Vonnegut by the Dozen
- Editor: Richard Lingeman
- Author: Kurt Vonnegut
- Language: English
- Genre: Essays
- Publisher: The Nation Co., LP
- Publication date: August 5, 2013
- Publication place: United States
- Media type: eBook
- Pages: 220

= Vonnegut by the Dozen =

Kurt Vonnegut essay collection

Vonnegut by the Dozen: Twelve Pieces by Kurt Vonnegut is a collection of twelve essays written by the American author Kurt Vonnegut. The essays were originally published in The Nation magazine between 1978 and 1998 and compiled into an eBook published by The Nation in 2013. The collection was edited by Richard Lingeman.

==Background==
Kurt Vonnegut (1922–2007) was a renowned American writer known for his satirical and darkly humorous novels that often explored themes of war, technology, and the human condition.
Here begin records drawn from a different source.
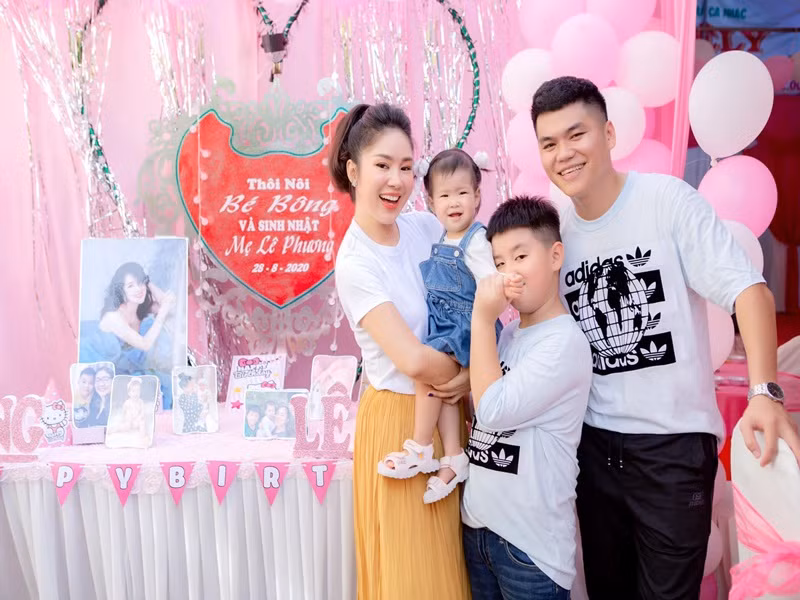 Trung Kiên không lên tiếng trước những bình luận kém duyên của một số cư dân mạng. Thay vào đó, anh dành thời gian chăm sóc vợ và các con.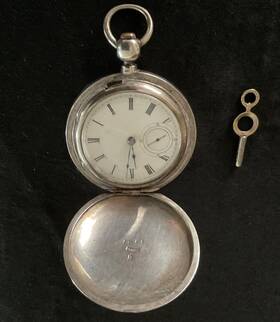 118435 Illinois Antique Watch Co. Pocket 11 J G 2 M 1 Coin Silver Runs Well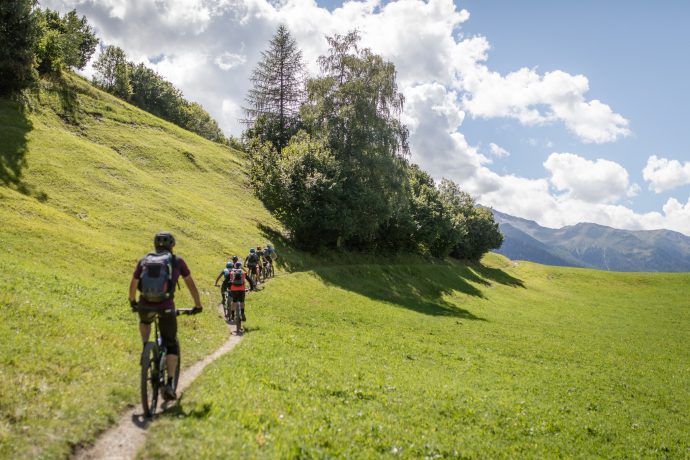 441 Tarasp: Vulpera – Tarasp – Lai Nair – Vulpera (oua_97517083_image)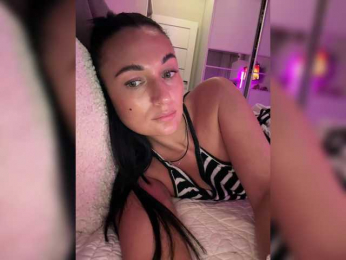 _UkRaiNo4Ka_ webcam model stream image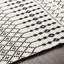 Tapis blanc / noir en coton tissé à la main Courtdale-1290787165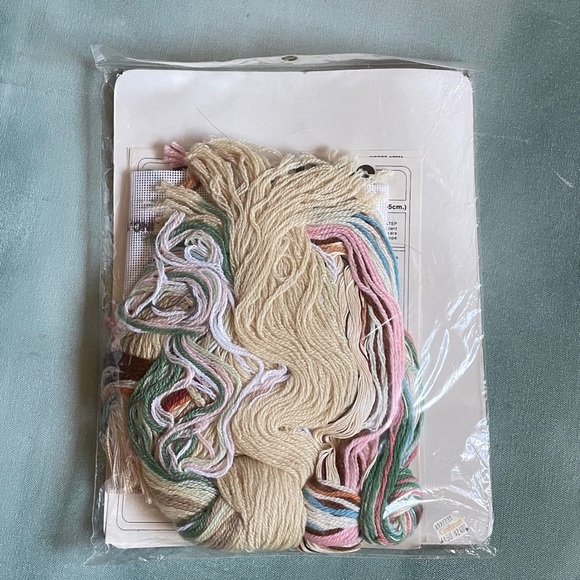 Dimensions Elegant Magnolias Needlepoint Kit 10”x22” Vintage 1987 - Picture 2 of 5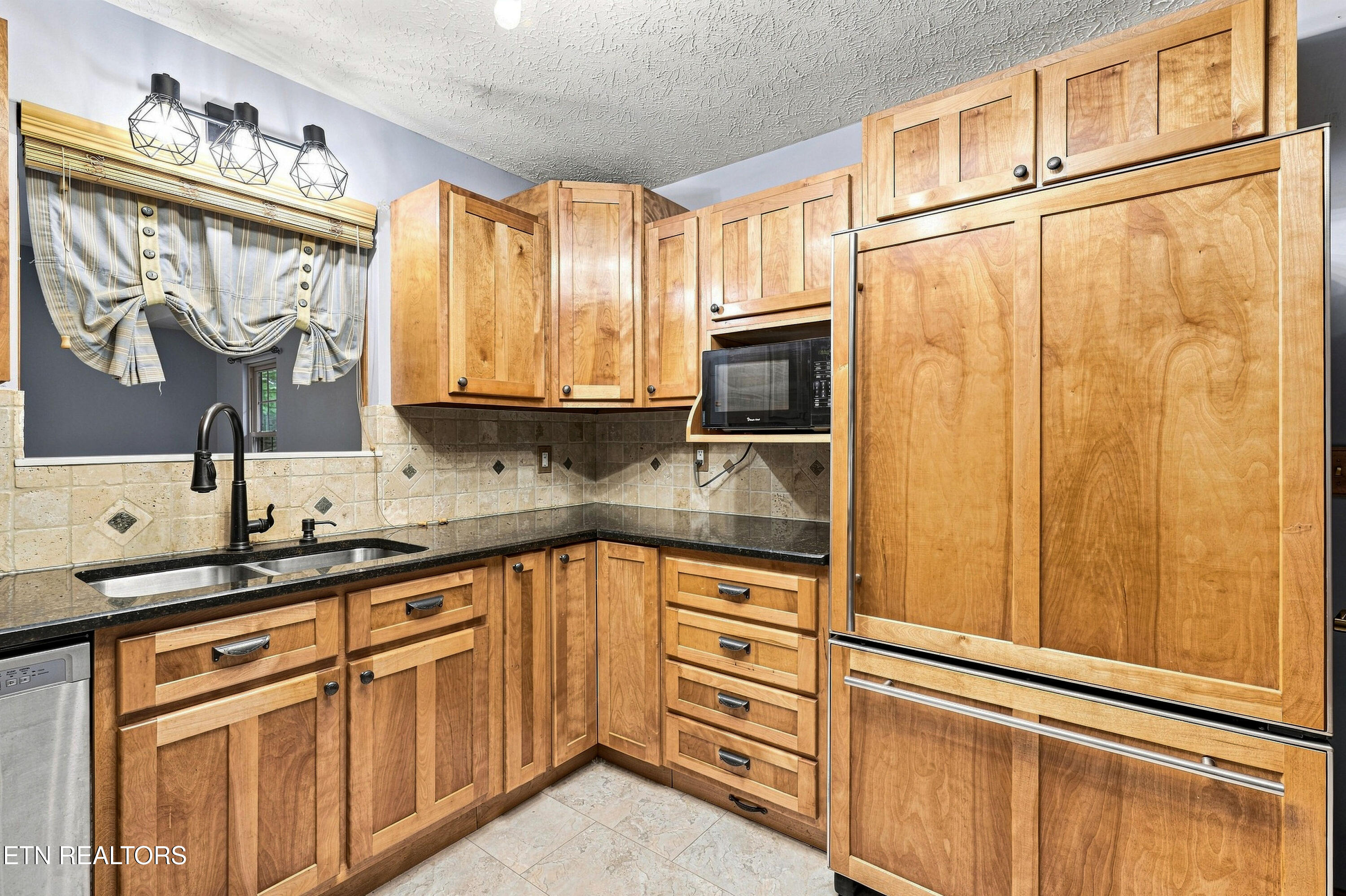 2459 Amanda Lane Sevierville TN 37876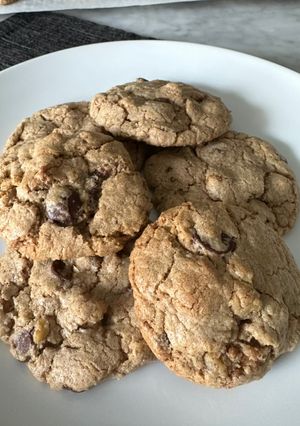 A picture of $250 Cookies.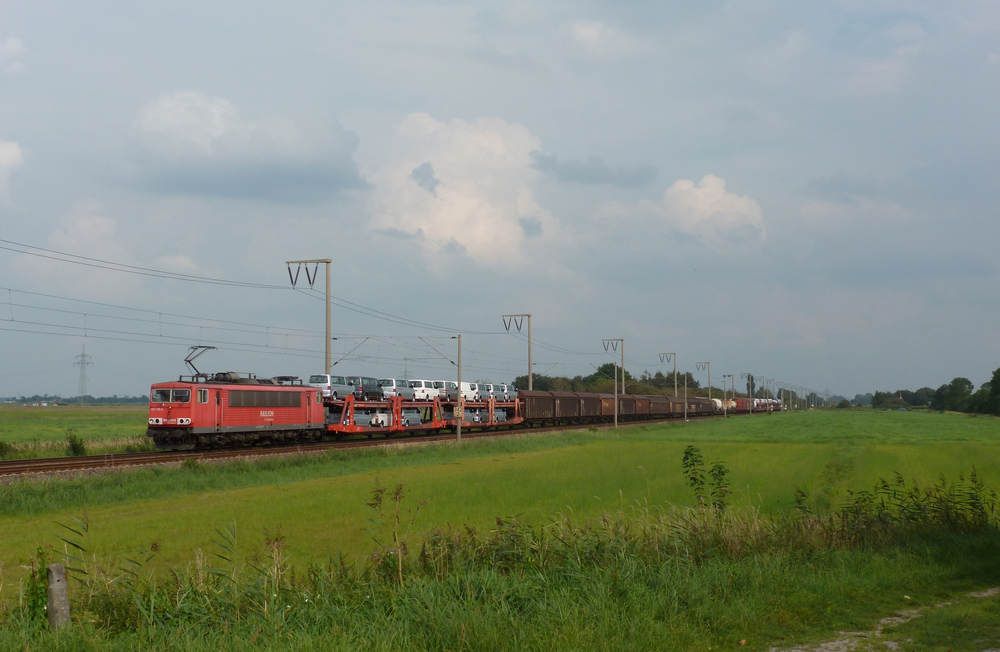 155 128-2 fuhr am 24.08.2012 mit einem gemischten Gterzug von Osnabrck nach Emden, hier bei Petkum.
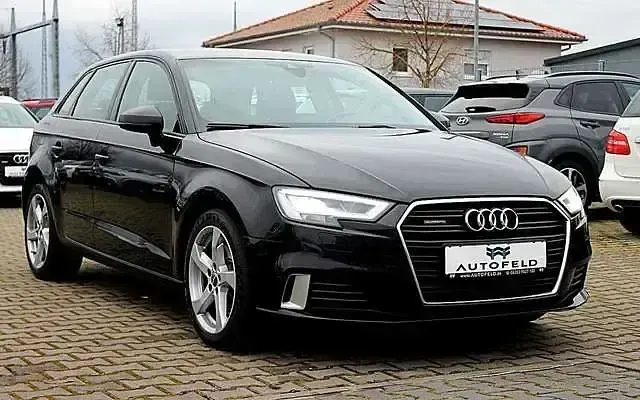 Gebraucht Audi A3 Sport 184 PS (135 kW) 2017 Schwarz Limousine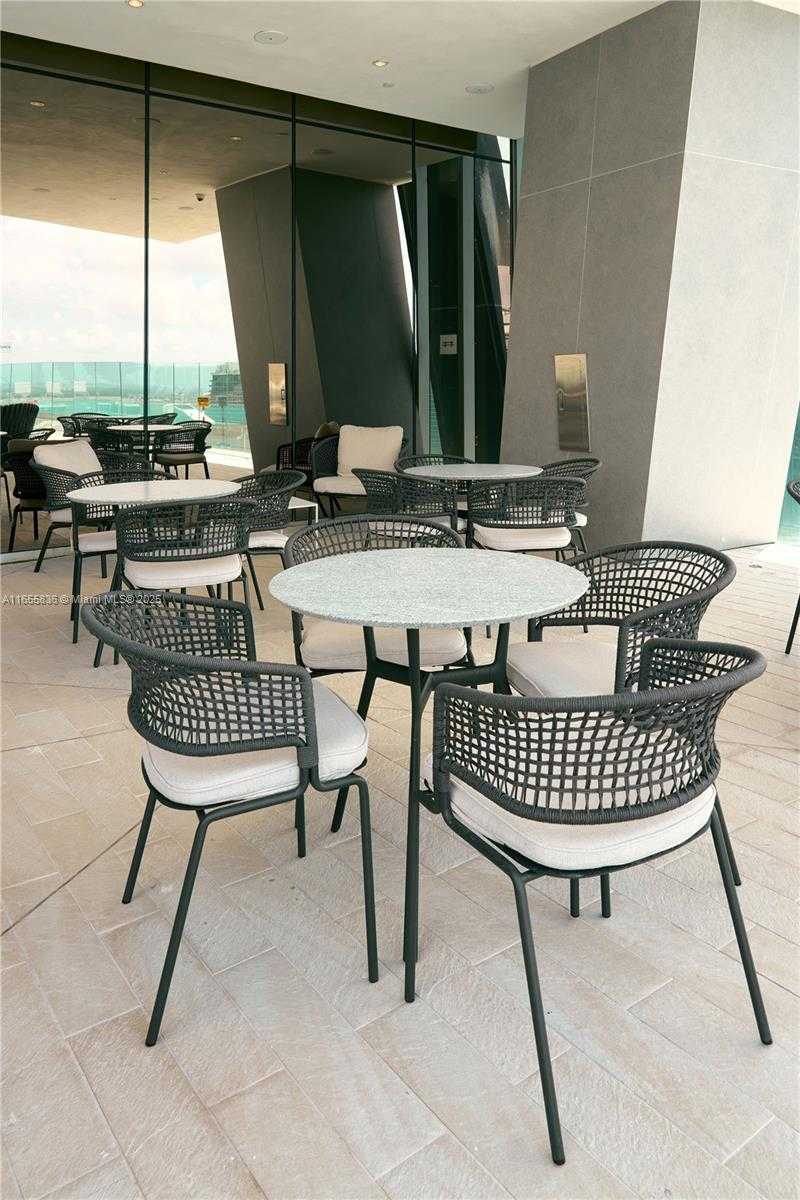 Small Image of 300 BISCAYNE BLVD WAY #2702, Miami Number 52
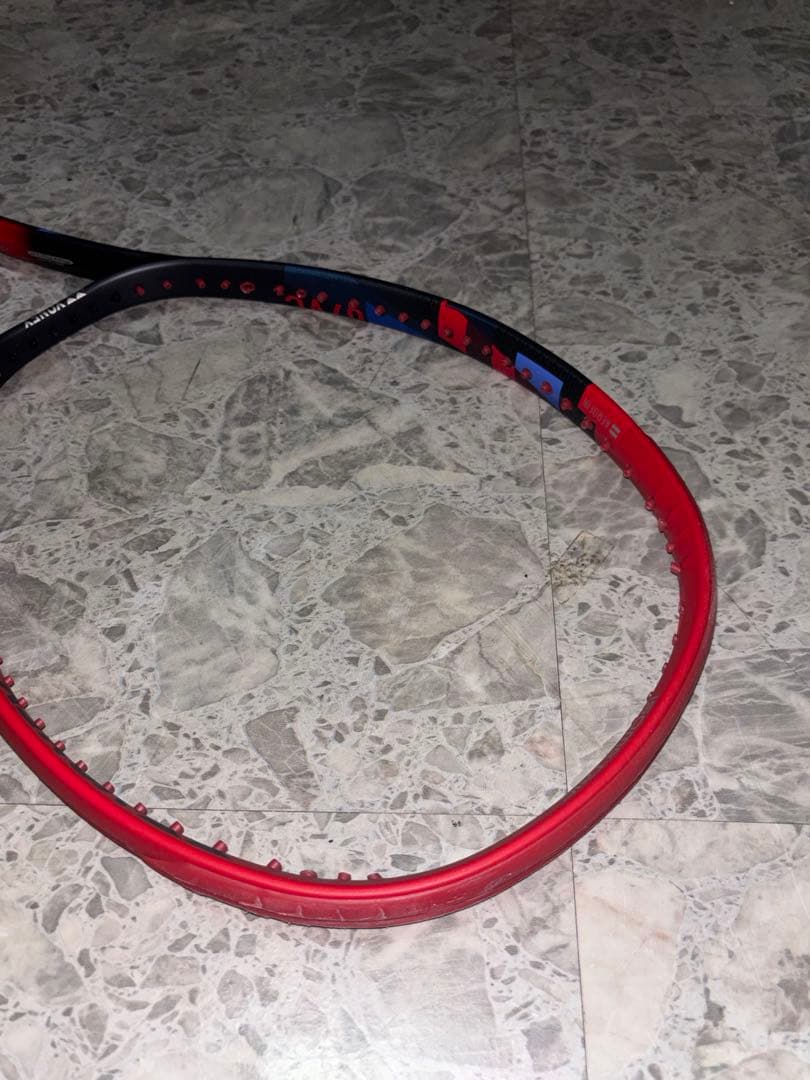 ヨネックス　ブイコア100 グリップ２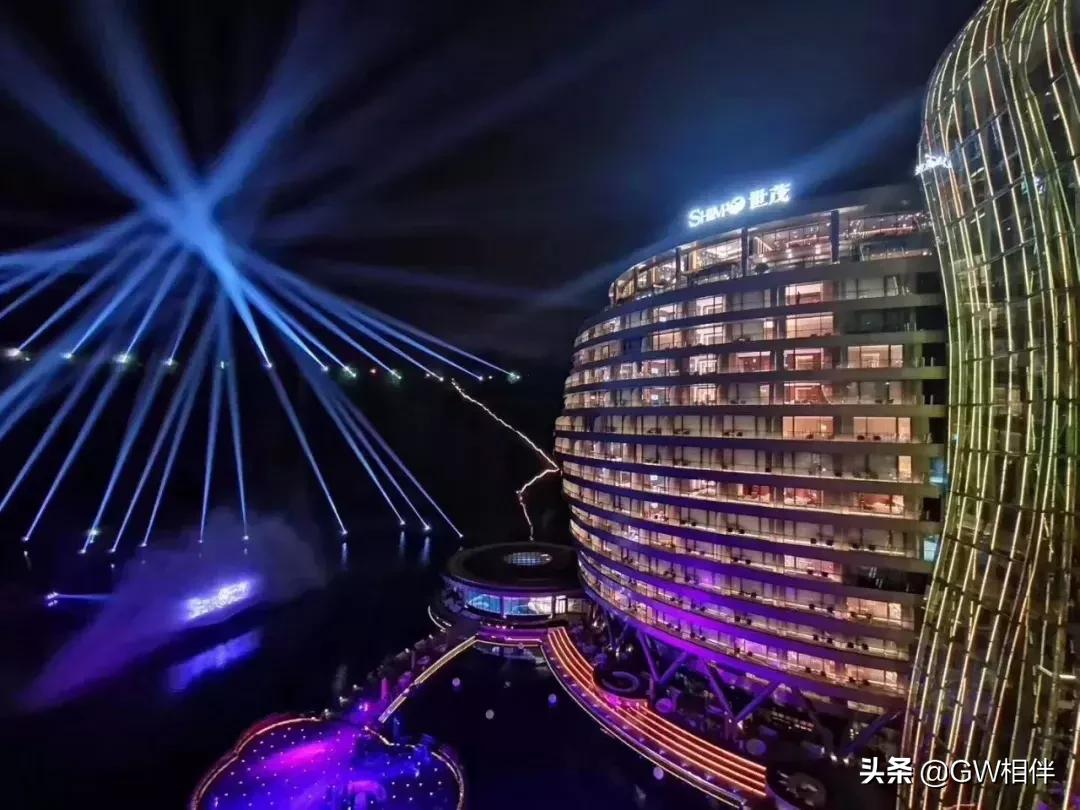 上海世茂深坑酒店建造过程,上海深坑酒店世界建筑奇迹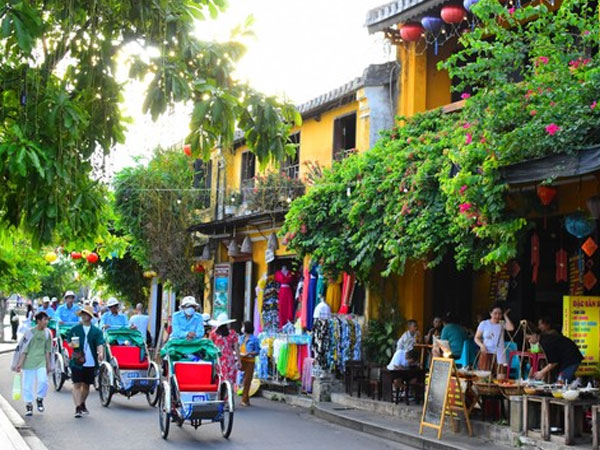 Chờ đợi gì từ 'mỏ vàng' du lịch?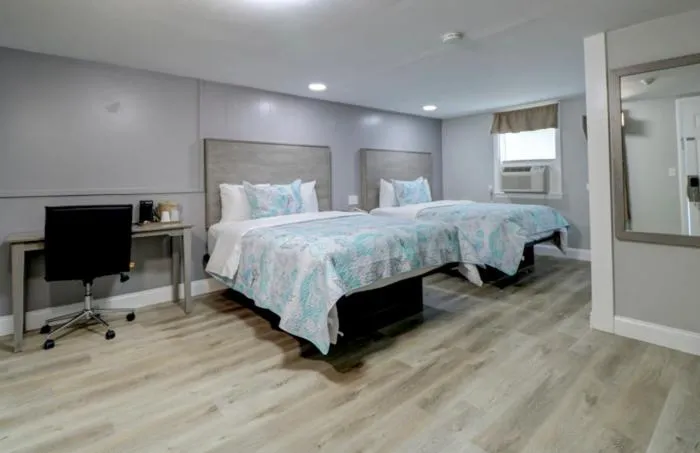 Bed in Windrift Motel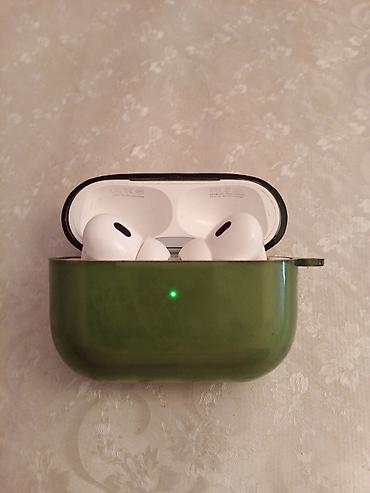 чехол airpods 2: İdeal vəziyyətdədir alandan kaburada işlənilib adaptrı və kaburası — 1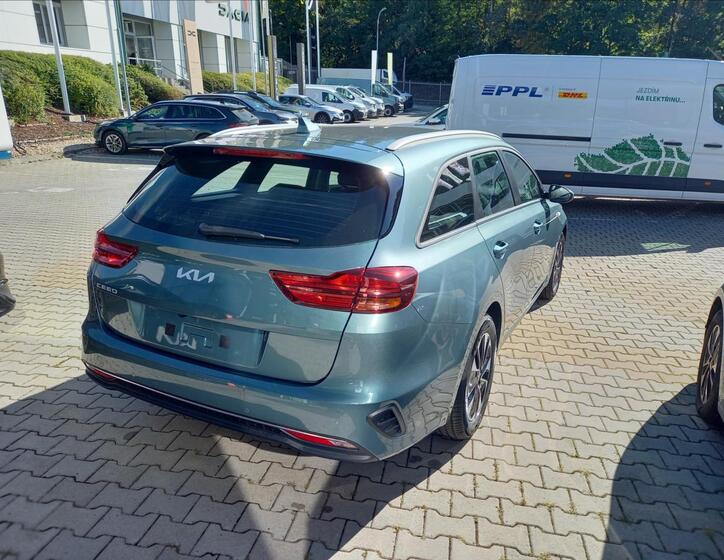 KIA Ceed 8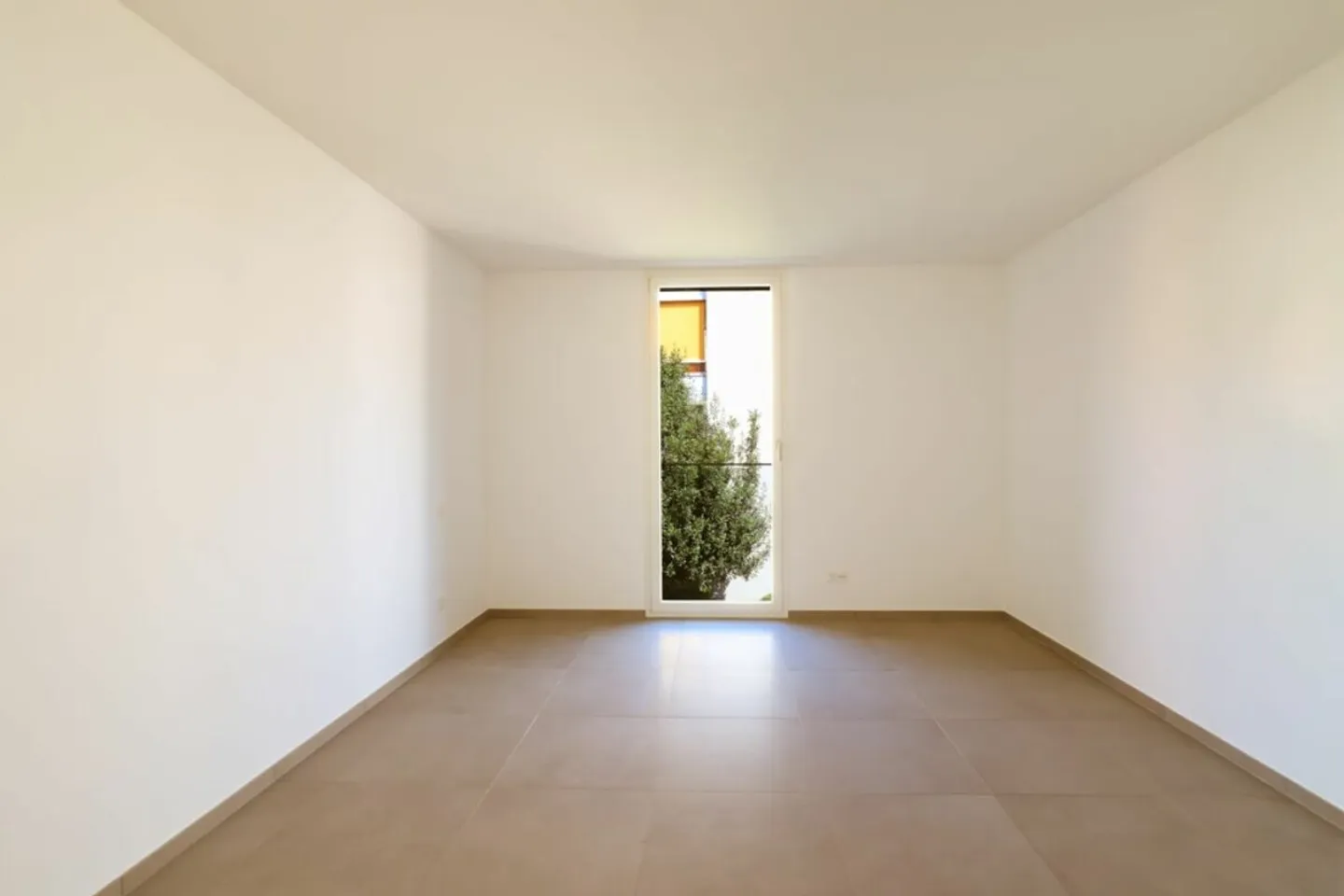 LOSONE - Wohnung zur Miete mit Parkplatz in der Garage - Foto 2 von 11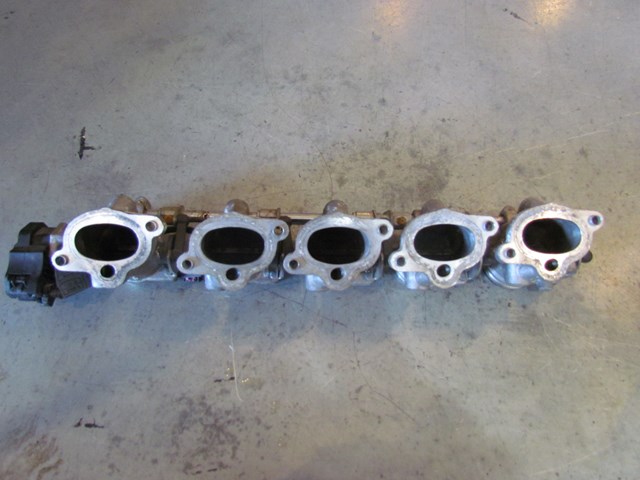 2007 BMW M6 RH Fuel Injection Throttle Body Housing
His most famous works include Slaughterhouse-Five (1969), Cat's Cradle (1963), and Breakfast of Champions (1973). Vonnegut's writing was heavily influenced by his experiences as a soldier in World War II, particularly his survival of the Dresden bombings, which became a central theme in much of his work.

==Content==
Vonnegut by the Dozen collects twelve essays that reflect Vonnegut's distinctive voice, characterized by its blend of satirical humor and serious social commentary. The essays cover a range of topics, including war, politics, and the absurdities of modern life. Each piece in the collection was originally published in The Nation, where Vonnegut was a regular contributor.

==Themes==
The essays in Vonnegut by the Dozen are unified by Vonnegut's deep skepticism of authority and his critique of American militarism. Drawing from his experiences in World War II, Vonnegut's writings in this collection often condemn the U.S.'s post-war military interventions, which he saw as unjust and hypocritical. His signature style—a "faux-simpleminded" approach—allows him to address these heavy topics with a blend of humor and profundity, making his critiques both accessible and impactful.

==Reception==
Vonnegut by the Dozen has been praised for capturing the essence of Vonnegut's later work. The collection is considered a valuable addition to the Vonnegut canon, offering readers insight into the author's evolving thoughts during the last decades of his life.